Here, Fredrick day acknowledges that he "forget [sic] the quote marks," and thus takes responsibility for having "dropped a bucket of additional shit on "Fitzpoll's" head." In other words, he understood why I'd interpret it as I did. Fd does a better job than those who are supposed to be assuming good faith, here. Fd, if you read this, thanks. But no bucket of shit was dropped on Fritzpoll's head. Nothing happened to him. He could have remained entirely silent about the whole Fredrick day aspect of this, with no harm. H ecould have simply told me to bug off, I've made my decision, I'm done with this.

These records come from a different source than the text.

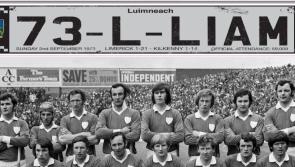 Limited edition 1973 Limerick hurling number plate to benefit players training fund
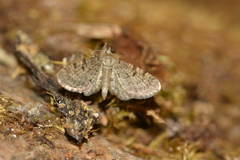 Eupithecia indigata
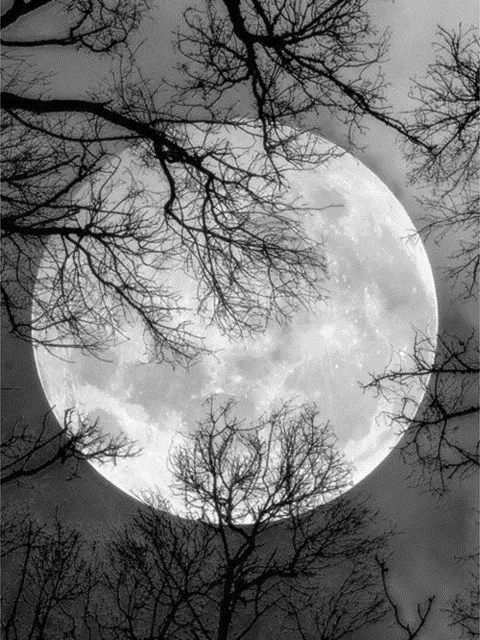 5D DIY Moon Full Square Diamond Embroidery Landscape Home Decoration No Frame - Shop at LoveMi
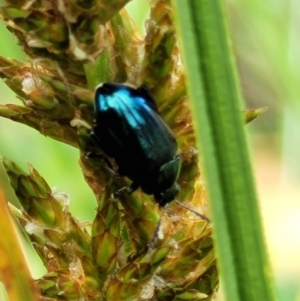 Arsipoda chrysis at Latham, ACT - 30 Sep 2021 10:55 AM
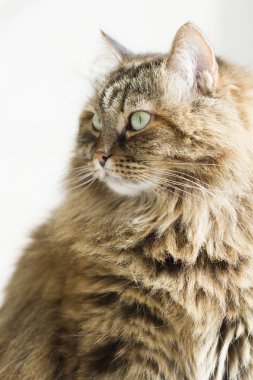 Sibirya doğurmak tüylü kedi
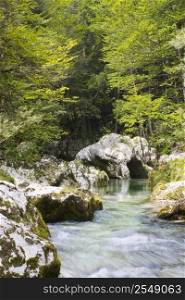 Mountain river in green forest - Mostnica - Slovenia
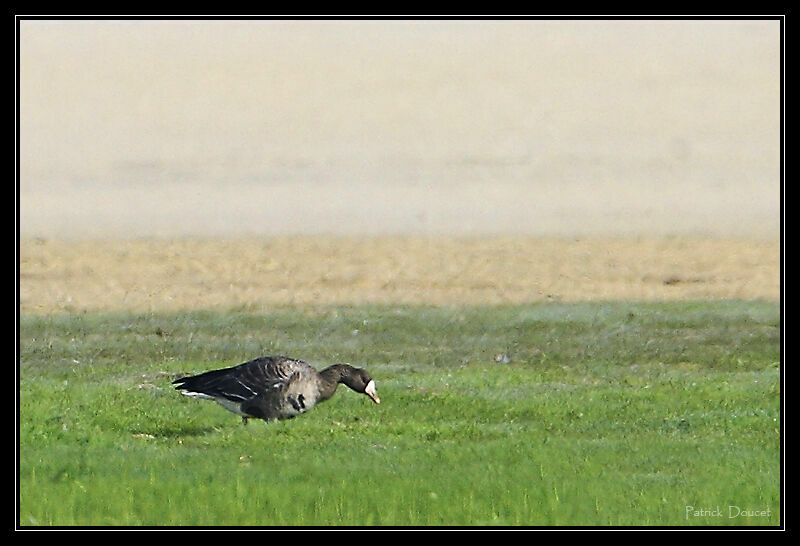 Greater White-fronted Goose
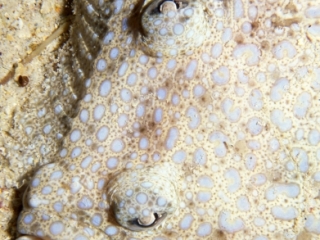 Left-eyed spotted flounder-Cocos Island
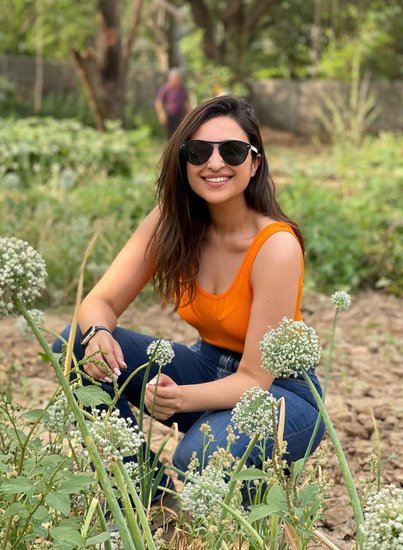 परिणीति चोपड़ा ने एक नहीं बल्कि ट्रिपल ऑनर्स डिग्री ली है। उन्होंने फाइनेंस, बिजनेस और इकोनॉमी की पढ़ाई की है। 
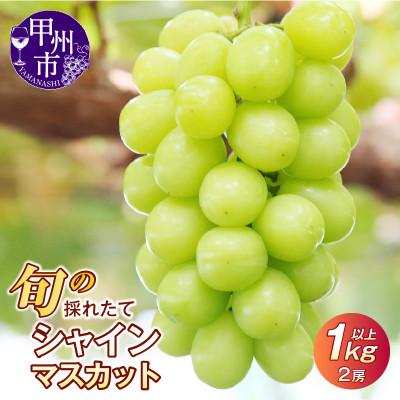 ふるさと納税 甲州市 [2026年 先行受付]山梨県産 旬の採れたてシャインマスカット1.0kg以上(2房)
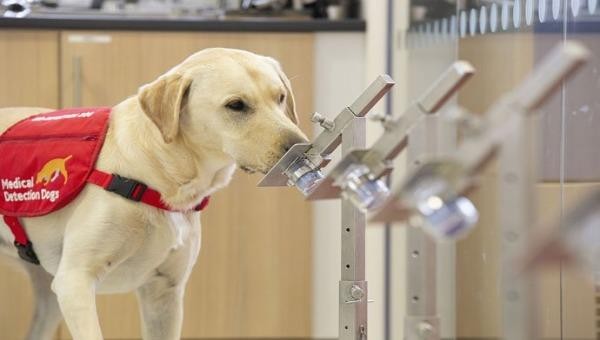 Một con chó được huấn luyện phát hiện các yếu tố bệnh tật tại sân bay. Ảnh: Medscape
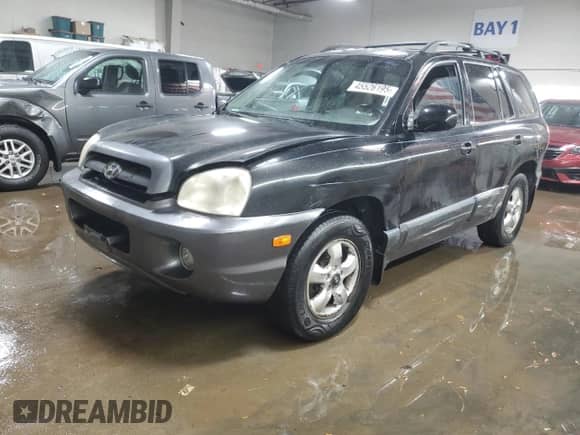 2005 Hyundai Santa Fe GLS с VIN KM8SC13E75U943561, выставлен на аукционе Copart как лот 45526195 с пробегом 98 640 миль миль и Списание • Salvage title. История ставок и продаж доступна на DreamBid. Изображение 1.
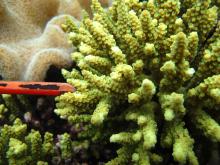 Acropora tenuis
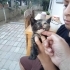 Kalıcı yuva arıyoruz fotoğraf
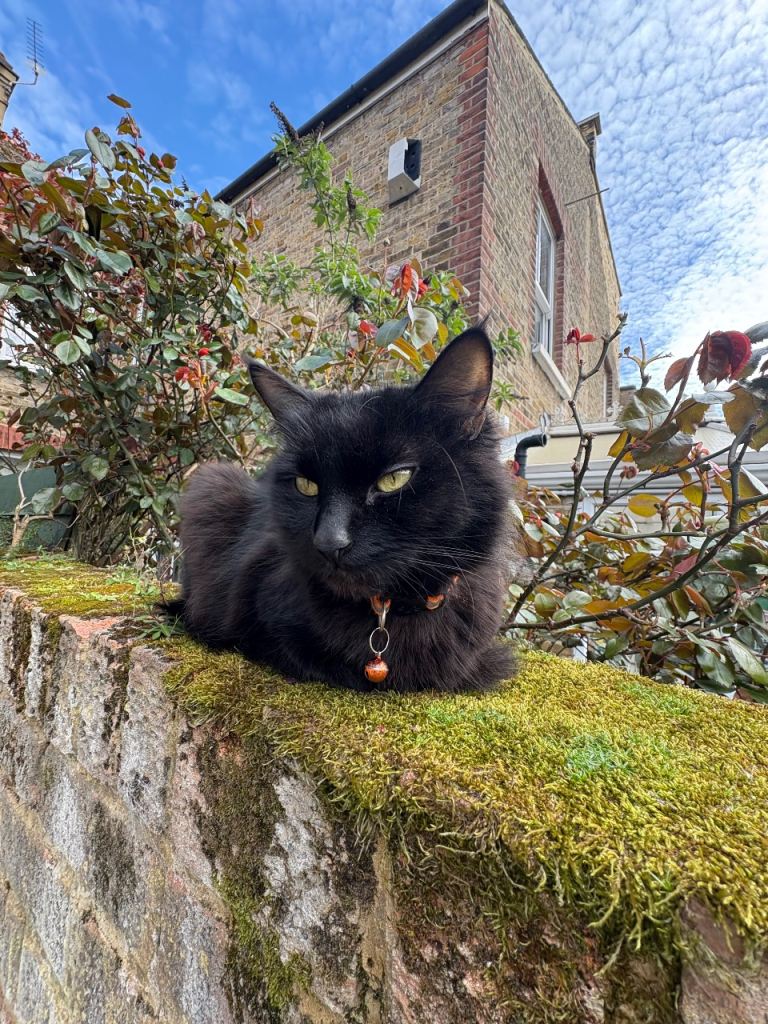 Beautiful Fluffy Black Female Cat Luna – Loving & Looking for Her Forever Home 🖤🐈‍⬛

As Fd knows, it is impossible to fully disprove sock puppet allegations. Yet we must be free to report "suspected sock puppets," that's why we have WP:SSP. Making sock puppet allegations or raising suspicion without evidence is considered uncivil, but, in this case, the evidence was right there in front of us, immediately before my Holy Shit remark, on AN. I stated repeatedly that it wasn't proof, by any means, and never said "Fritzpoll is Fredrick day." Or anything equivalent to that, and I stated this before, here, and asked that if I'd erred and had, indeed, said that, would someone please point me to it so I could fix it. Nobody responded to that. Instead attention was focused on details of how I'd interpreted the message, whether it had been quoted or not, etc. The fact is that the message on its face appeared to be Fredrick day writing as if he thought he were logged in as Fritzpoll.

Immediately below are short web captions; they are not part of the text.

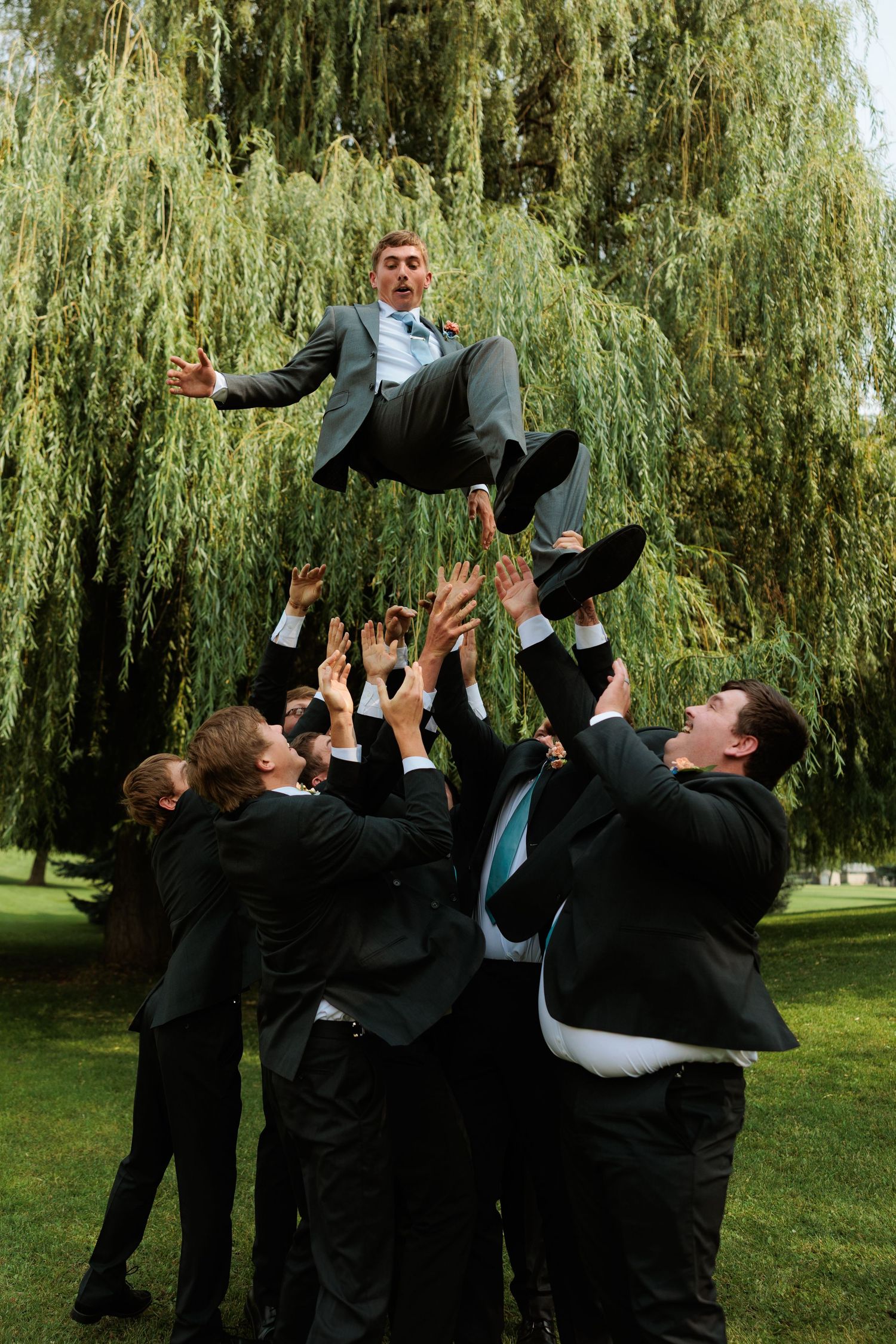 Groomsmen tossing groom into the air outdoors near a weeping willow tree during a wedding celebration in Montana.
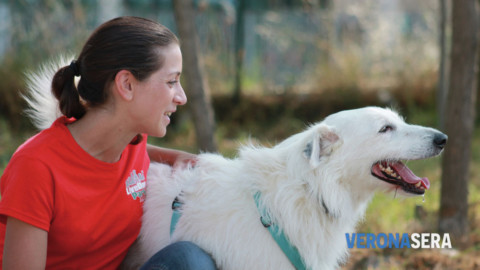 Domenica 19 novembre al LiveDog Park “Cani che hanno naso!” – Verona Sera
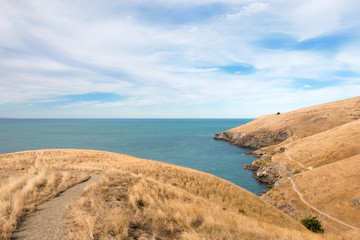 Godley Head walking track, Christchurch, New Zealand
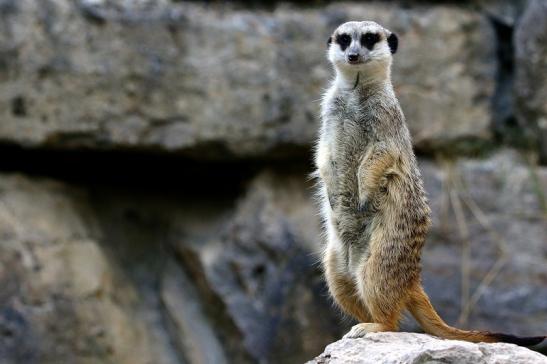 Erdmännchen Zoo Frankfurt am Main und Opel Zoo Kronberg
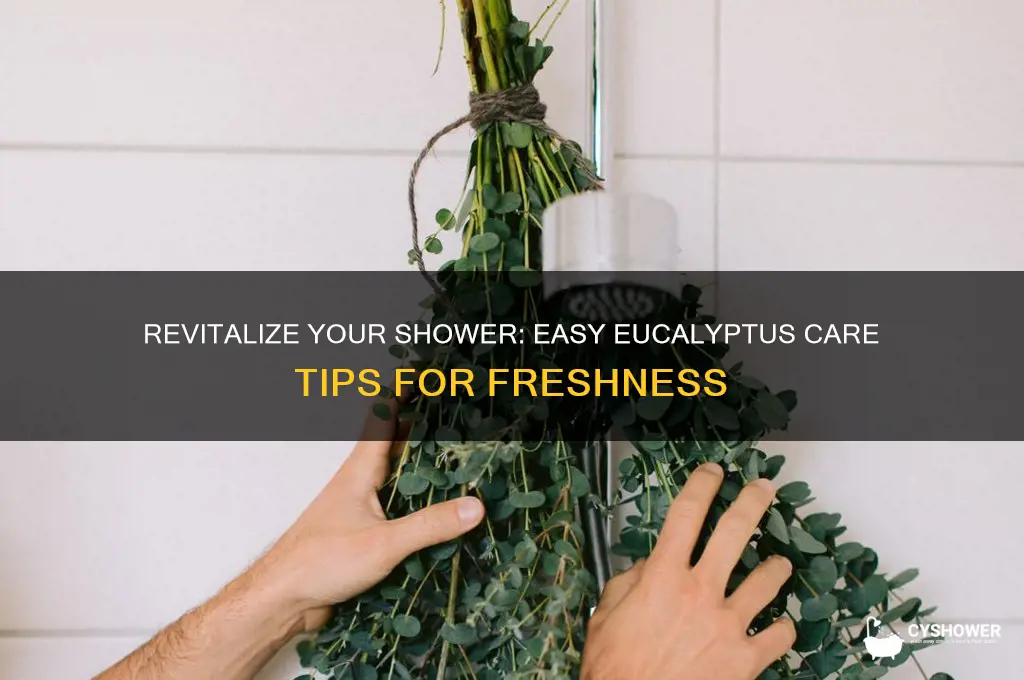 how to take care of eucalyptus in shower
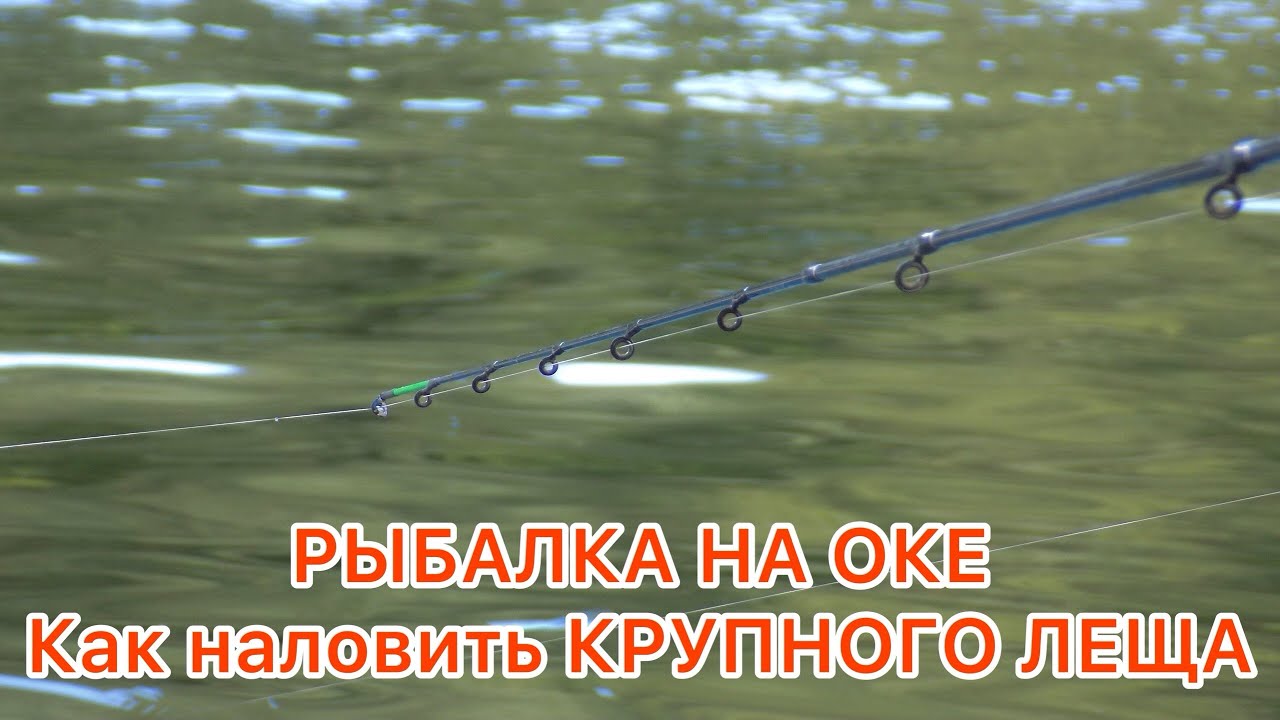РЫБАЛКА на ОКЕ / КАК поймать МНОГО ЛЕЩА / Всю ночь КОРМИЛ утром НАЛОВИЛ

By the way, Fredrick day seems to have forgotten that he, as Allemandtando, demanded that I file an SSP report and checkuser on him. I wasn't harassing him, though he took a few minor actions of mine, certainly nothing continuous or rising to harassment, that way. I simply let him know, when AN/I was discussing blocking him -- I didn't start that -- and was wondering who the puppet master might be, that I suspected he could be Fd, but I also stated that there was not sufficient evidence to pursue it, and this comment seems to have contributed to the close of that AN/I report. Possibly, if I'd been aggressive, a lot of later grief could have been avoided. But that's a long story, for another time, another place. If ever. --Abd (talk) 01:46, 12 August 2008 (UTC)

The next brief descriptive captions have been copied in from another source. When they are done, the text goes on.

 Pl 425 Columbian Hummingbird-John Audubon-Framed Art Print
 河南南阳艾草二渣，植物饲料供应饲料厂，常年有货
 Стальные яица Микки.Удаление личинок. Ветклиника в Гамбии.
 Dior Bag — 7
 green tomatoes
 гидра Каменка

I finally got around to reviewing what Fd had done today. Interesting. As part of that, I read what may have been one of the last comments I made at AN/I, and Fd's reply:[19]. That comment certainly can be interpreted as a sock puppet allegation. If I had had time to review these edits, I'd probably have struck it or much of it, and I certainly apologize for the impression this may have created of a sock puppetry allegation. I did maintain the distinction between suspicion and allegation, and definitely avoided certainty, but it was stronger than I'm comfortable with, particularly after the problem with interpretation of the Fredrick day comment was pointed out. At the time that was written, I hadn't seen that the text was totally quoted, which weakens the interpretation I was placing on it. It doesn't destroy it, by the way, "weakens" was a word that was carefully chosen. And again and again, I've repeated, Fritzpoll wasn't under any hazard unless he happened to be Fredrick day, and even if, terrible luck, his IP was identical, nothing automatic would have happened, and it wouldn't be me that was "prosecuting." (Fritzpoll wasn't my interest, how Wilhelmina day was treated was. I'm now the second editor to be blocked over what happened to her, perhaps, eventually, someone else will look at this.) I've been actually accused of sock puppetry (and not just by Fredrick day!): standard advice re what to do about it: nothing. It is a charge that requires no action on the part of the suspected editor, nothing will happen, almost always, if there is no good proof. And fastest way to look guilty: vigorously defend yourself. Attack the one who mentions the suspicion. That's what real sock puppets do! Again, Fritzpoll was not some naive newbie, he's an administrator. I'd think he realize all this. So the whole affair leaves me with unresolved questions. (Fritzpoll did not attack me, by the way, I say this lest someone misinterpret this comment, it would be rude to interpret his "resignation" as some kind of passive-aggressive attack, I take it more simply, though it was certainly used as ammunition by others, including the posting of his "I won't be coming back" email here.) --Abd (talk) 02:10, 12 August 2008 (UTC)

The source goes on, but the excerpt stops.